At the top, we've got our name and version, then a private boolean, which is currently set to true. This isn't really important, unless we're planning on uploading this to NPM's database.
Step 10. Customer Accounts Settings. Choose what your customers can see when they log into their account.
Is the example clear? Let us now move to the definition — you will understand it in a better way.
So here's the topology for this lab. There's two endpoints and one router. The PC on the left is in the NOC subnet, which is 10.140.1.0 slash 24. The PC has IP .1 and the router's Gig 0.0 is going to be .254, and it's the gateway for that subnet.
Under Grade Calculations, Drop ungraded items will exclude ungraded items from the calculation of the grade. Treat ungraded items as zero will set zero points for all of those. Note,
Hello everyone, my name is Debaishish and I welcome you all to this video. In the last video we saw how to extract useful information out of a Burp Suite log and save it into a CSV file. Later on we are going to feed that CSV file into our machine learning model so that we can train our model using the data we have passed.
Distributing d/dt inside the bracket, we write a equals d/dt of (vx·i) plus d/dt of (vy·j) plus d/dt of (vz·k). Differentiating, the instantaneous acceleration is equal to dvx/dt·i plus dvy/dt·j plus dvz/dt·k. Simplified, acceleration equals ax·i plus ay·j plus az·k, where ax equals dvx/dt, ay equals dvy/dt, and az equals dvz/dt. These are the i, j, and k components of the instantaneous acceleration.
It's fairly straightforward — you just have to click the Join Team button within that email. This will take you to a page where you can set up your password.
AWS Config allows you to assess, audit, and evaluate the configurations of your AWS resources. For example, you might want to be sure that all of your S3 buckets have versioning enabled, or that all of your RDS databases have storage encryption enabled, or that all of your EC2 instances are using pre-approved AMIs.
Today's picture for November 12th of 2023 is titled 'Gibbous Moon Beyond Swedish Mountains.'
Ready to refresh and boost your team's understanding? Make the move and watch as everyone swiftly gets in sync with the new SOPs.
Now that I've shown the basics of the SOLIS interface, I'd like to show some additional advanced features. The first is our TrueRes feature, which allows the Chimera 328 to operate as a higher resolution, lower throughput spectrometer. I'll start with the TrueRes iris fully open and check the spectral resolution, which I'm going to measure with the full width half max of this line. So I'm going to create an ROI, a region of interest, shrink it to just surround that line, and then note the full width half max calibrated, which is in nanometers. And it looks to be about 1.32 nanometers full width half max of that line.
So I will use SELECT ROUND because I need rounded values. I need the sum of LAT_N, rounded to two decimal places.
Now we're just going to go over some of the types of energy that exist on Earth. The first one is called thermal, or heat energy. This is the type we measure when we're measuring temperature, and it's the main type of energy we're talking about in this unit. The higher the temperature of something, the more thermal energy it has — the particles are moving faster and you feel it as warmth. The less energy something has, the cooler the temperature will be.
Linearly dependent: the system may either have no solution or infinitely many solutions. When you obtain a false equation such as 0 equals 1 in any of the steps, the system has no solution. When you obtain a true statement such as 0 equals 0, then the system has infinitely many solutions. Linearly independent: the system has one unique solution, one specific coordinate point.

◆ **What is expected**
Line by line, please copy the listing exactly.

◆ **Reply**
At the top, we've got our name and version, then a private boolean, which is currently set to true. This isn't really important, unless we're planning on uploading this to NPM's database.
Step 10. Customer Accounts Settings. Choose what your customers can see when they log into their account.
Is the example clear? Let us now move to the definition — you will understand it in a better way.
So here's the topology for this lab. There's two endpoints and one router. The PC on the left is in the NOC subnet, which is 10.140.1.0 slash 24. The PC has IP .1 and the router's Gig 0.0 is going to be .254, and it's the gateway for that subnet.
Under Grade Calculations, Drop ungraded items will exclude ungraded items from the calculation of the grade. Treat ungraded items as zero will set zero points for all of those. Note,
Hello everyone, my name is Debaishish and I welcome you all to this video. In the last video we saw how to extract useful information out of a Burp Suite log and save it into a CSV file. Later on we are going to feed that CSV file into our machine learning model so that we can train our model using the data we have passed.
Distributing d/dt inside the bracket, we write a equals d/dt of (vx·i) plus d/dt of (vy·j) plus d/dt of (vz·k). Differentiating, the instantaneous acceleration is equal to dvx/dt·i plus dvy/dt·j plus dvz/dt·k. Simplified, acceleration equals ax·i plus ay·j plus az·k, where ax equals dvx/dt, ay equals dvy/dt, and az equals dvz/dt. These are the i, j, and k components of the instantaneous acceleration.
It's fairly straightforward — you just have to click the Join Team button within that email. This will take you to a page where you can set up your password.
AWS Config allows you to assess, audit, and evaluate the configurations of your AWS resources. For example, you might want to be sure that all of your S3 buckets have versioning enabled, or that all of your RDS databases have storage encryption enabled, or that all of your EC2 instances are using pre-approved AMIs.
Today's picture for November 12th of 2023 is titled 'Gibbous Moon Beyond Swedish Mountains.'
Ready to refresh and boost your team's understanding? Make the move and watch as everyone swiftly gets in sync with the new SOPs.
Now that I've shown the basics of the SOLIS interface, I'd like to show some additional advanced features. The first is our TrueRes feature, which allows the Chimera 328 to operate as a higher resolution, lower throughput spectrometer. I'll start with the TrueRes iris fully open and check the spectral resolution, which I'm going to measure with the full width half max of this line. So I'm going to create an ROI, a region of interest, shrink it to just surround that line, and then note the full width half max calibrated, which is in nanometers. And it looks to be about 1.32 nanometers full width half max of that line.
So I will use SELECT ROUND because I need rounded values. I need the sum of LAT_N, rounded to two decimal places.
Now we're just going to go over some of the types of energy that exist on Earth. The first one is called thermal, or heat energy. This is the type we measure when we're measuring temperature, and it's the main type of energy we're talking about in this unit. The higher the temperature of something, the more thermal energy it has — the particles are moving faster and you feel it as warmth. The less energy something has, the cooler the temperature will be.
Linearly dependent: the system may either have no solution or infinitely many solutions. When you obtain a false equation such as 0 equals 1 in any of the steps, the system has no solution. When you obtain a true statement such as 0 equals 0, then the system has infinitely many solutions. Linearly independent: the system has one unique solution, one specific coordinate point.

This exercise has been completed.